Logo

5. Hukuk Dairesi2024/1176 E. 2025/880 K.

Yapay Zeka Özeti

Uyuşmazlık: Davalının ortak alana yaptığı imalatların kat mülkiyeti kanununa aykırı olduğu iddiasıyla müdahalenin önlenmesi ve eski hale getirilmesi talebi.

Gerekçe ve Sonuç: Davalı tarafından sunulan muvafakatnamenin niteliğinin ve imalatların yapıldığı tarihte tüm kat maliklerinin 4/5’inin rızasının bulunup bulunmadığının denetlenmesi gerektiği gözetilerek, ilk derece mahkemesi kararının bozulmasına ve bölge adliye mahkemesi kararının ortadan kaldırılmasına karar verilmiştir.

Karar Metni

"İçtihat Metni"

MAHKEMESİ : İzmir Bölge Adliye Mahkemesi 6. Hukuk Dairesi

SAYISI : 2021/1254 Esas, 2023/2269 Karar

DAVA TARİHİ : 18.05.2020

KARAR : Esastan ret

İLK DERECE MAHKEMESİ : Bodrum 2. Sulh Hukuk Mahkemesi

SAYISI : 2020/320 Esas, 2021/132 Karar

Taraflar arasındaki müdahalenin önlenmesi ve eski hâle getirme davasında yapılan yargılama sonunda İlk Derece Mahkemesince davanın kabulüne karar verilmiştir.

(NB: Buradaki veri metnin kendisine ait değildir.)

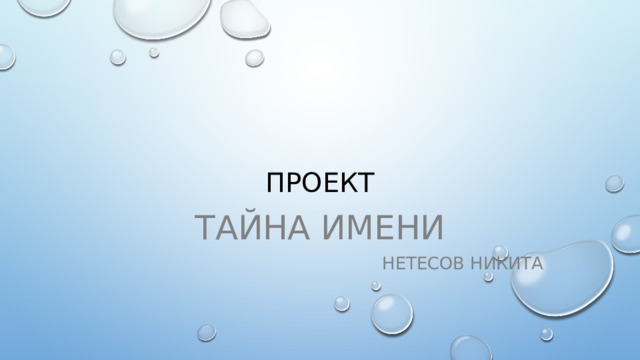 ПРОЕКТ ТАЙНА ИМЕНИ Нетесов Никита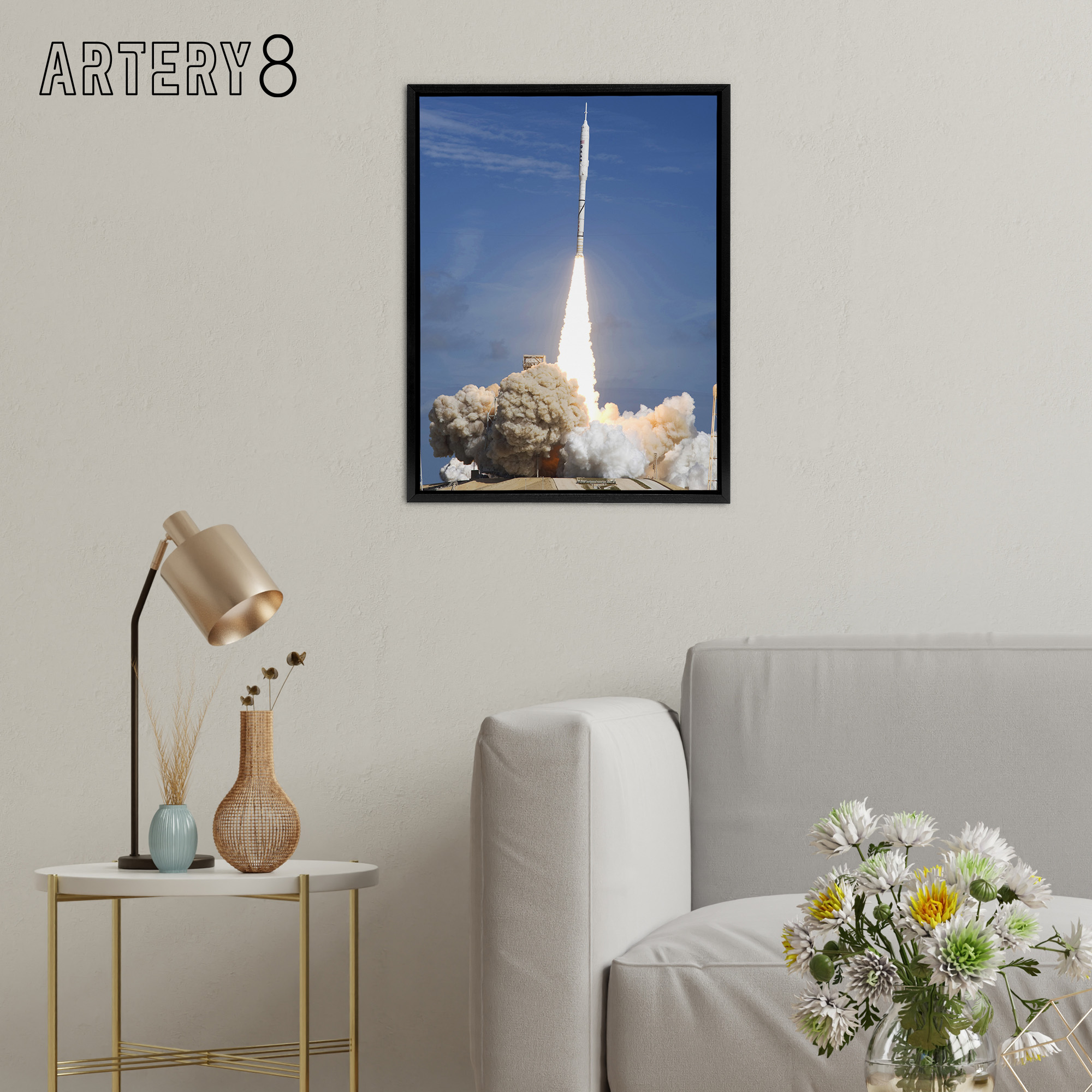 Space NASA Ares I X Rocket Launch Framed Canvas Wall Art Print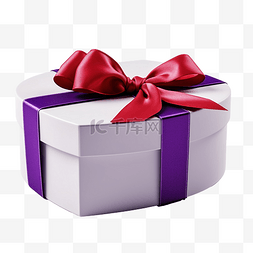 丝带捆扎图片_带紫色丝带的红色心形礼品盒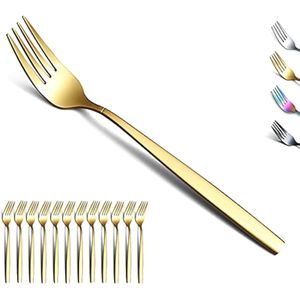 Berglander Juego de 12 tenedores dorados de acero inoxidable, juego de tenedores chapados en oro de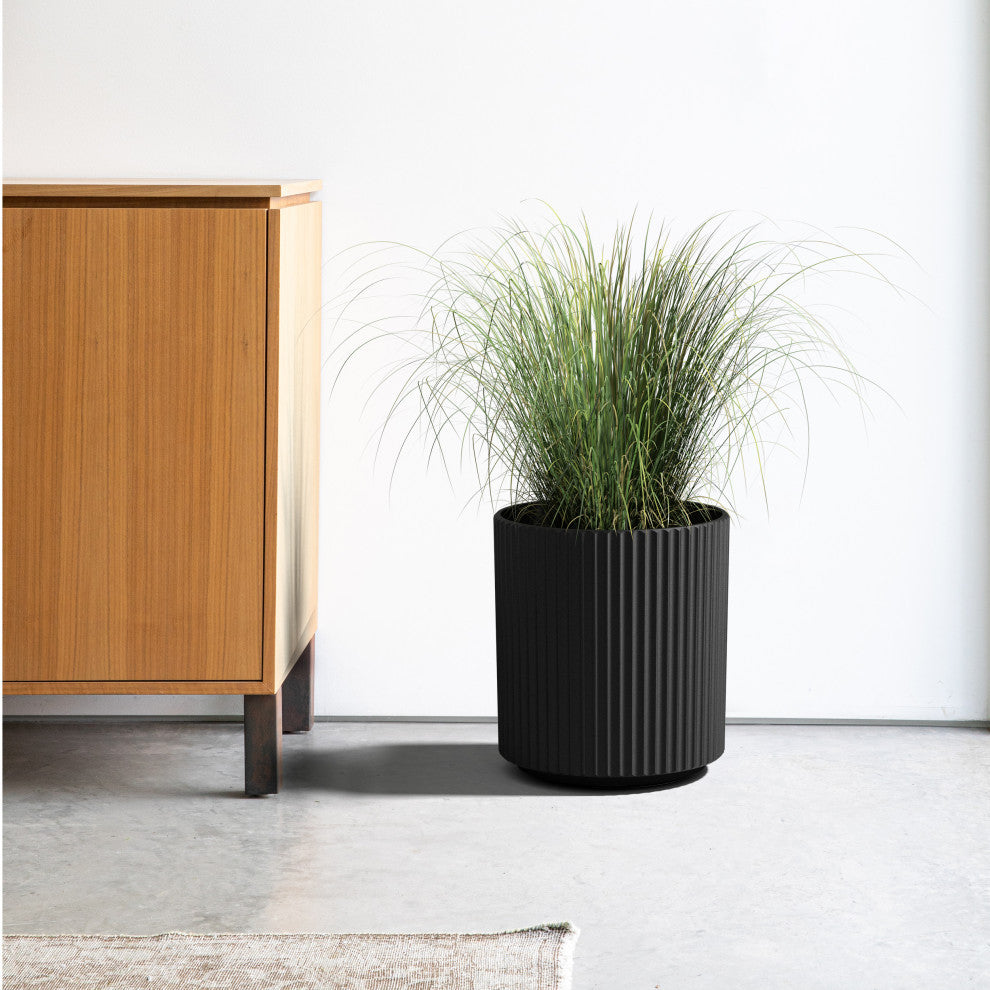 Veradek Demi Series Planter, Black, 16", 1 Pack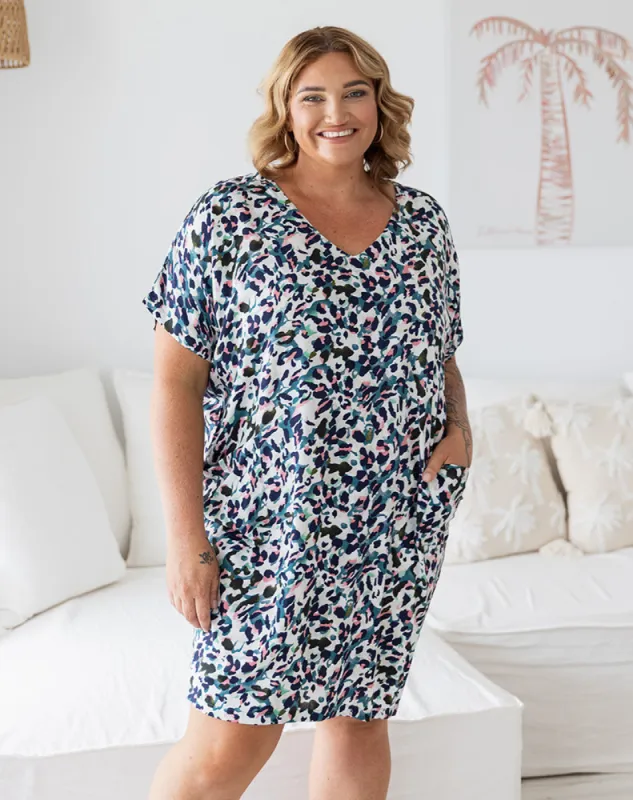 Pocket Dress - Aqua/Leopard sold by Freez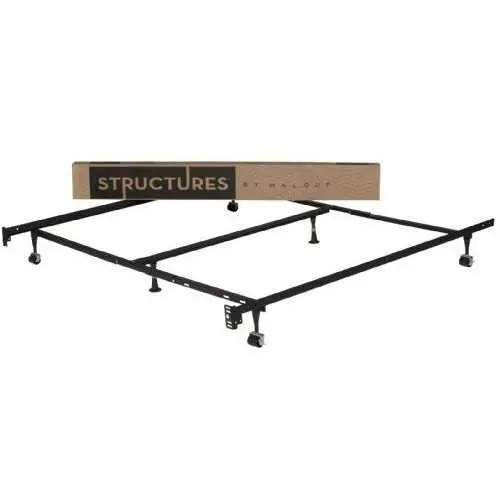Heavy-Duty Adjustable 6-Leg Metal Bed Frame – Fits Twin Through King Sizes 1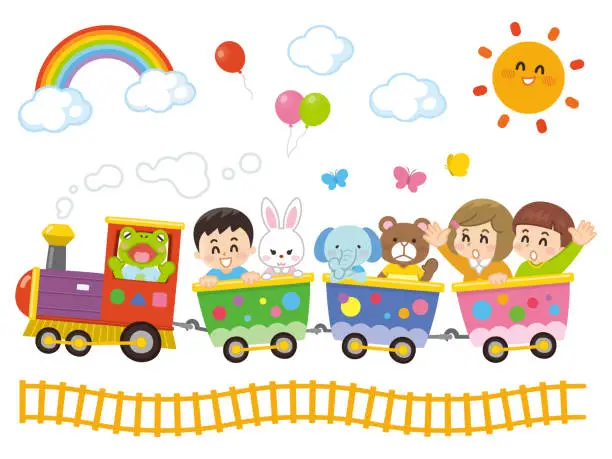 Vector illustration of A cute train for children and animals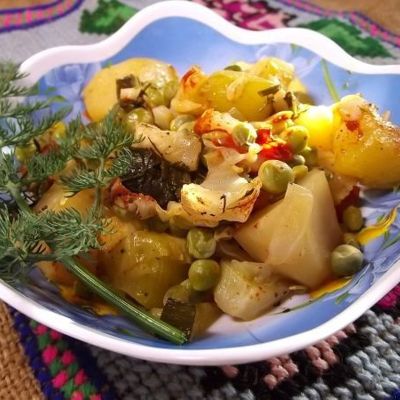 Рецепт: Постное овощное рагу в мультиварке - с фасолью
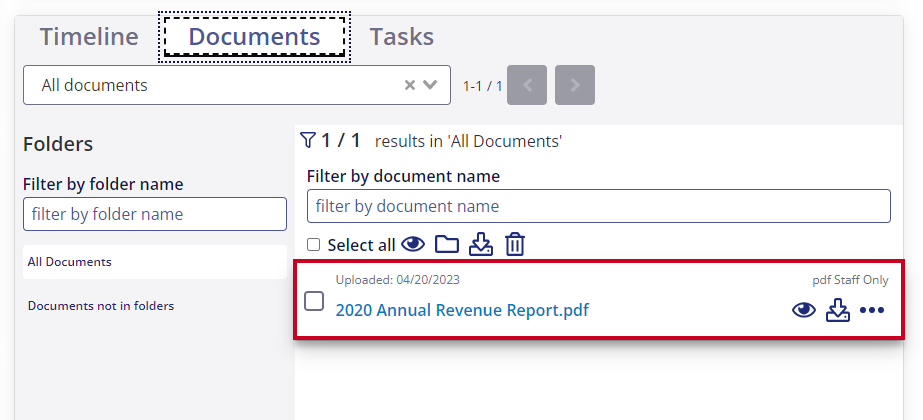 Documents tab list.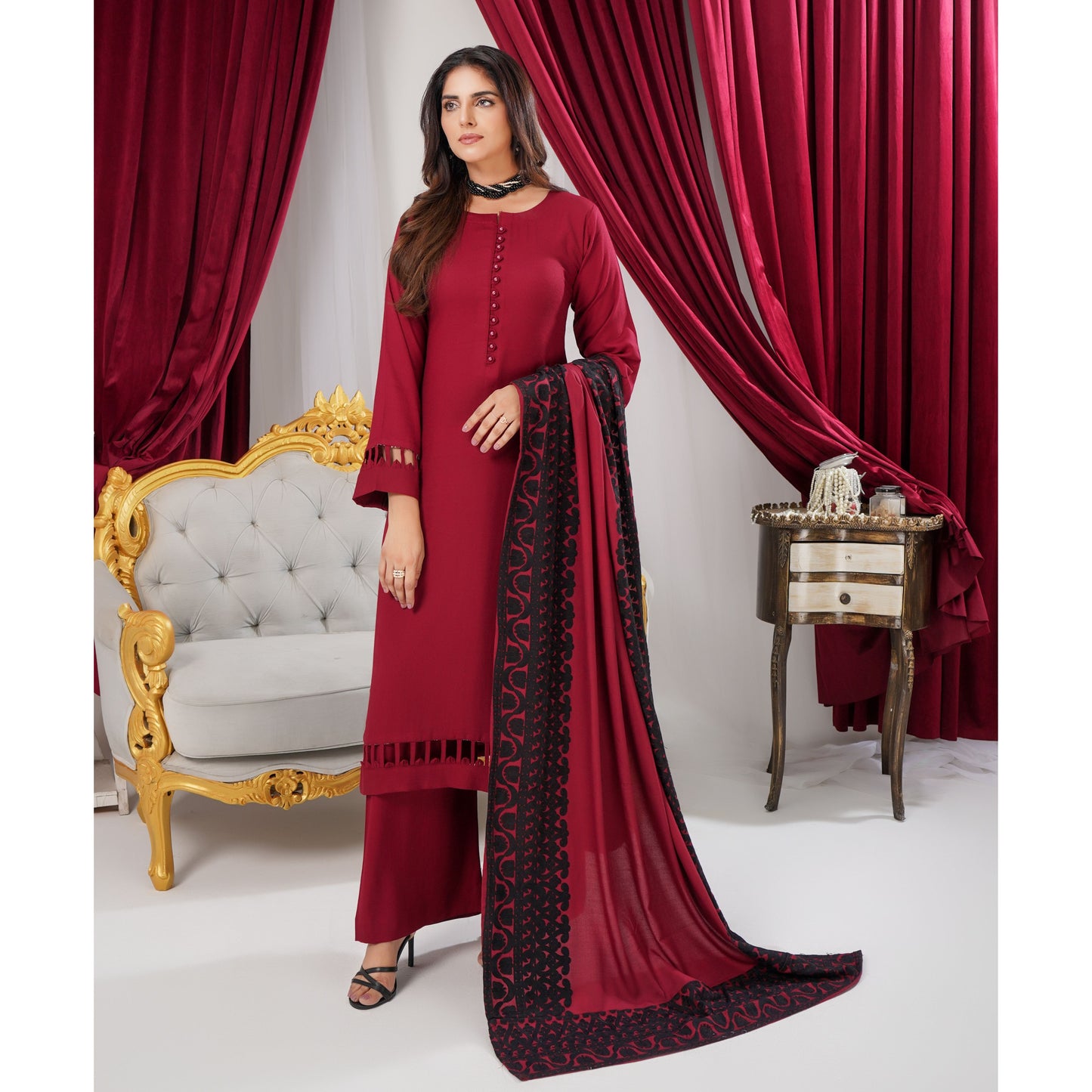 3 Pc Dhanak Shirt & trouser with Dhanak Shawl | Winter Collection | SIMRANS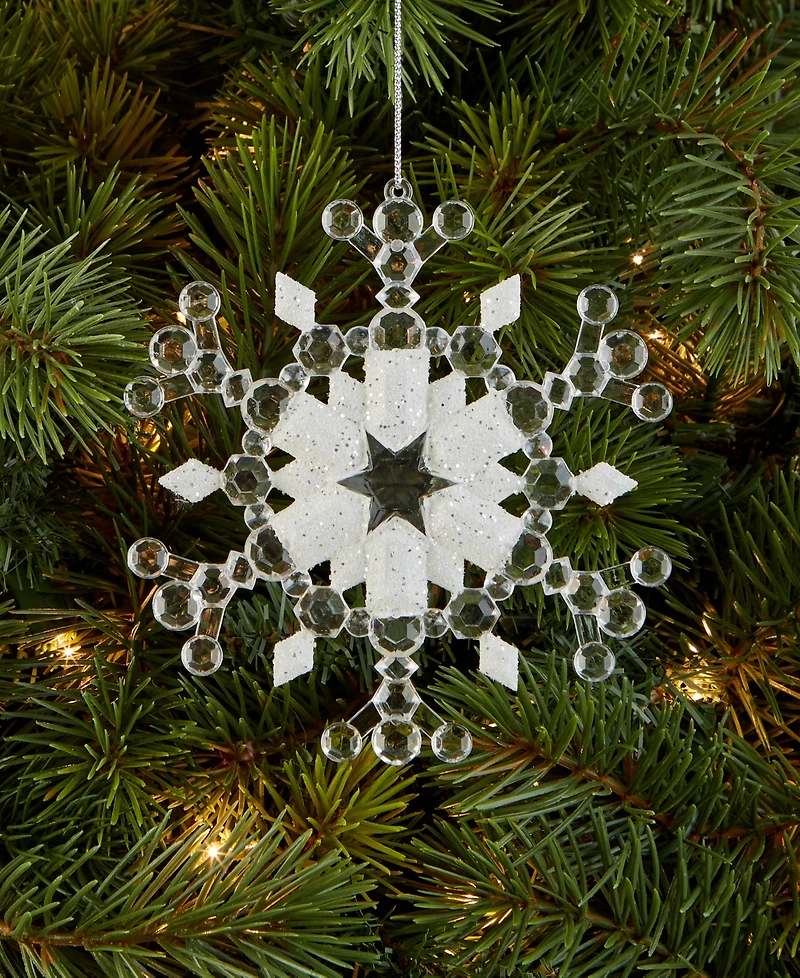 Holiday Lane Iced Delight Gem Snowflake Ornament, Macy's Exclusive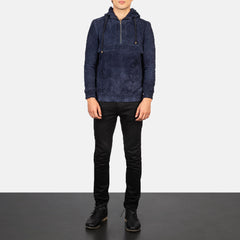 Kenton Hooded Pullover Jacket In Blue Suede
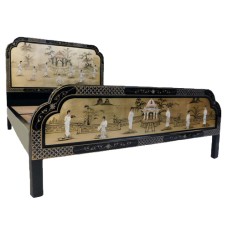 Pearl Palace Bed Black Lacquer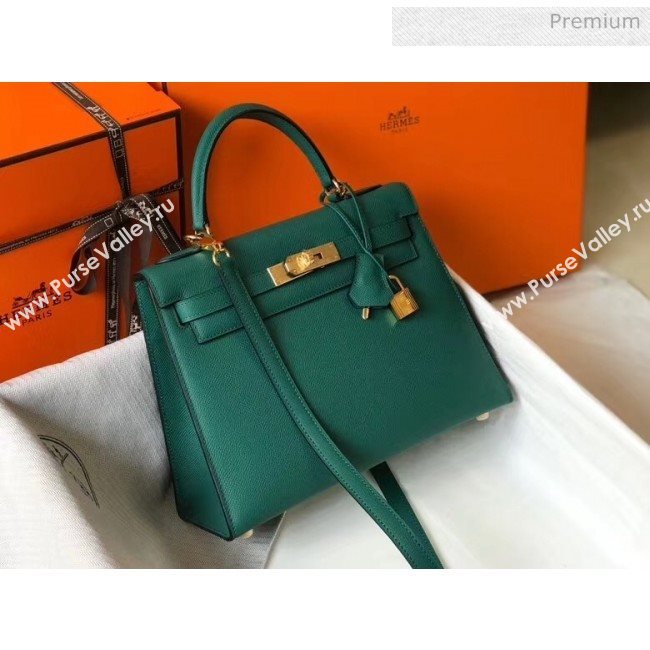 Hermes Kelly 28cm Top Handle Bag in Epsom Leather Dark Green 2020 (FL-20052940)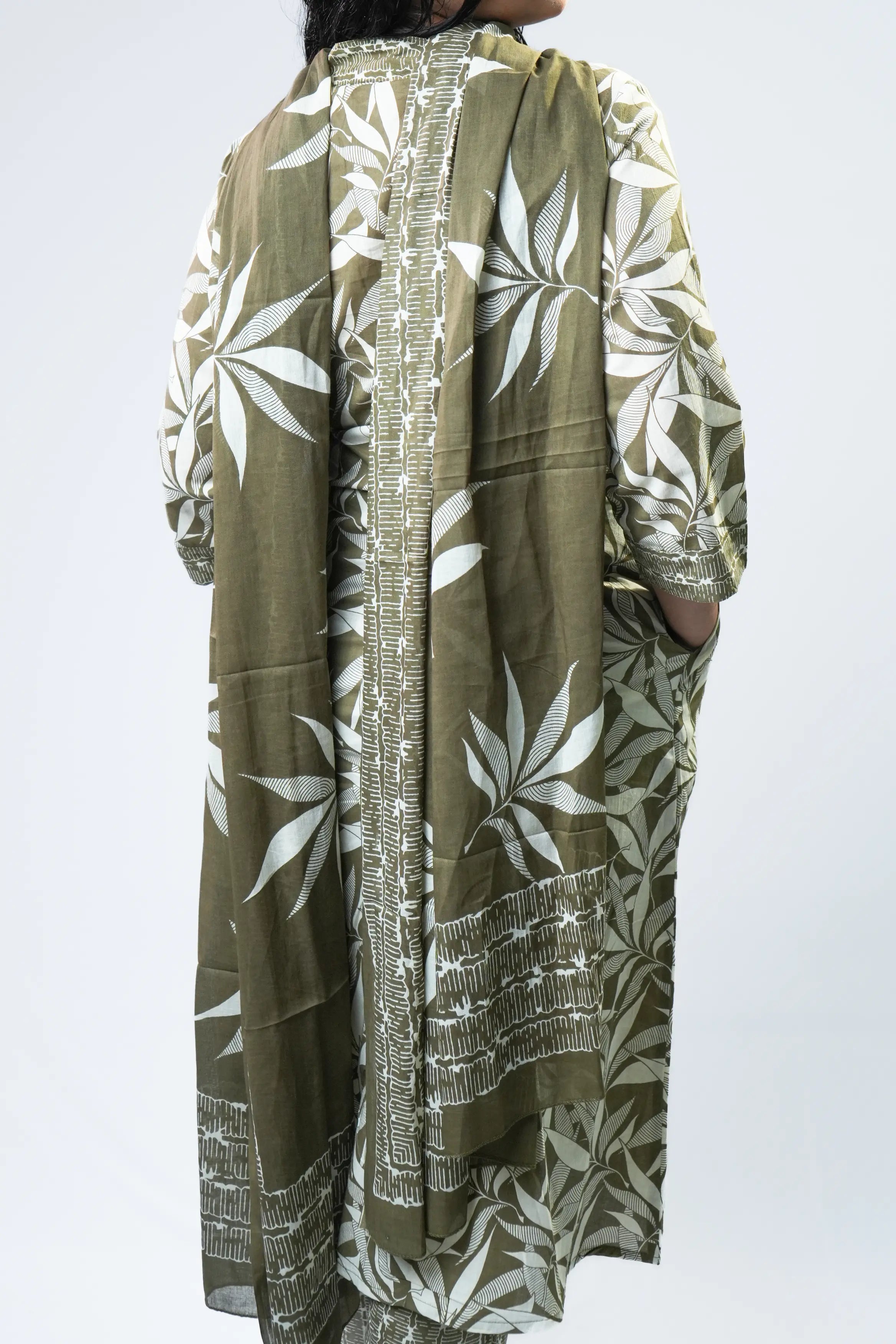 Olive & Cream Leaf Print Anarkali Cotton Kurta Set with Dupatta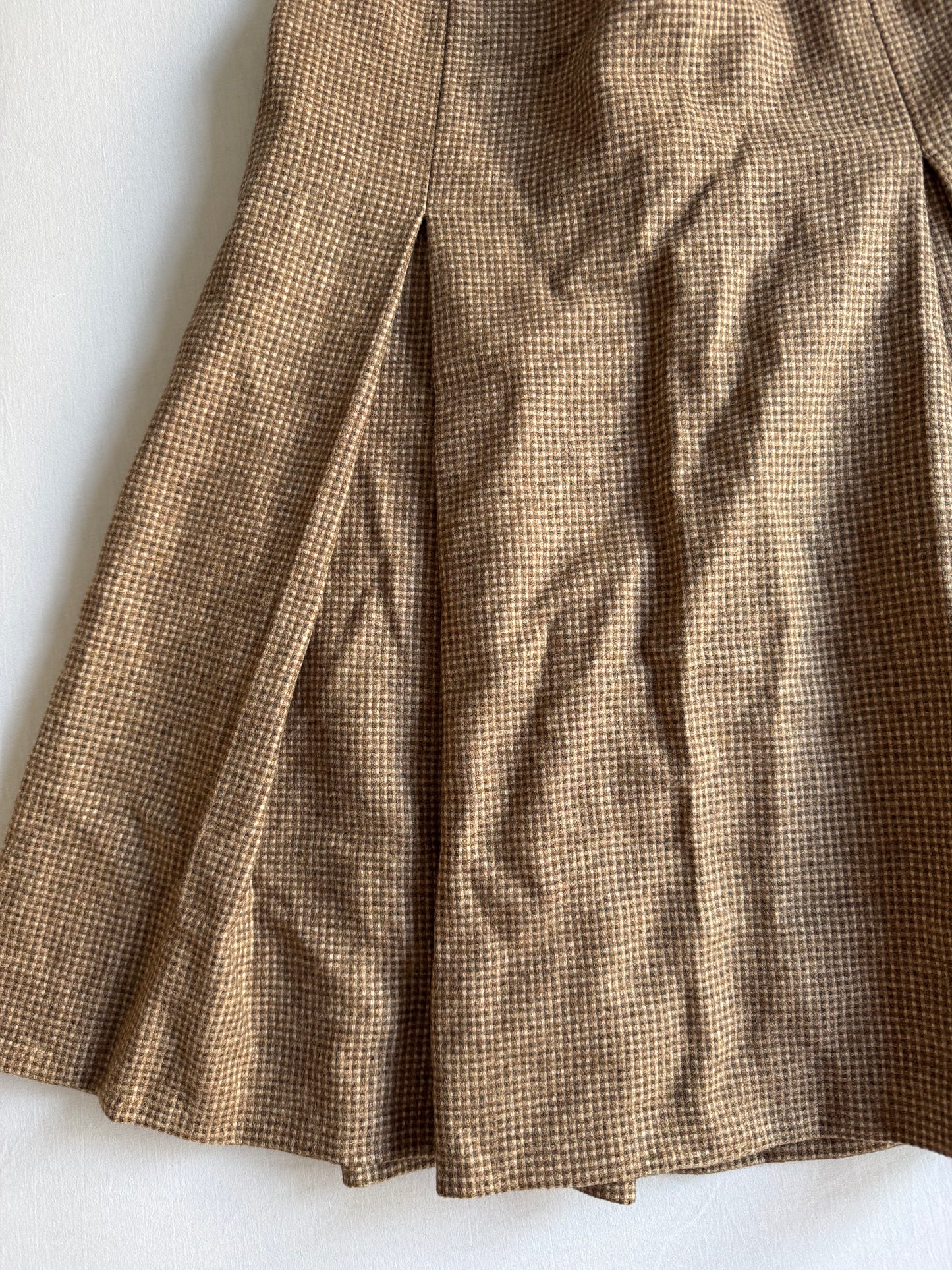 🪵 Fustă Vintage ’60s–’70s Plisată din Lână – XS (IT 38)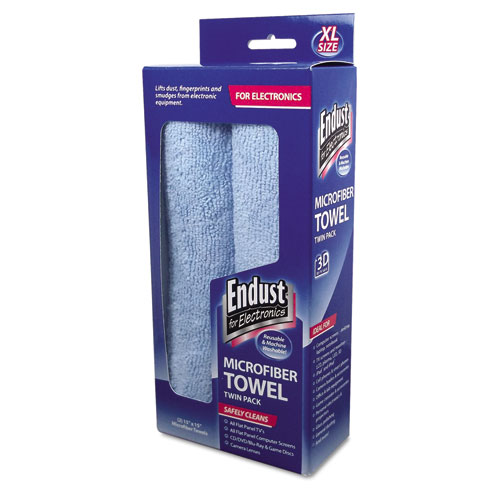 Endust® for Electronics Large-Sized Microfiber Towels Two-Pack, 15 x 15, Unscented, Blue, 2/Pack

Kararın davalı vekilince istinaf edilmesi üzerine, Bölge Adliye Mahkemesince başvurunun esastan reddine karar verilmiştir.

Bölge Adliye Mahkemesi kararı davalı vekili tarafından temyiz edilmekle; süre, temyiz şartı ve diğer usul eksiklikleri yönünden yapılan ön inceleme sonucunda, temyiz dilekçesinin kabulüne karar verilmiştir.

Davalı vekilince temyiz incelemesinin duruşmalı olarak yapılmasının istenilmesi üzerine, işin duruşmaya tâbi olduğu anlaşılmış ve duruşma için 21.01.2025 günü tayin edilerek taraflara tebligat gönderilmiştir.

Duruşma günü davalı vekili Avukat ... gelmiş, davacı vekili duruşmaya katılmamıştır.

Duruşmaya başlanarak hazır bulunan avukatın sözlü açıklamaları dinlendikten sonra duruşmaya son verildi.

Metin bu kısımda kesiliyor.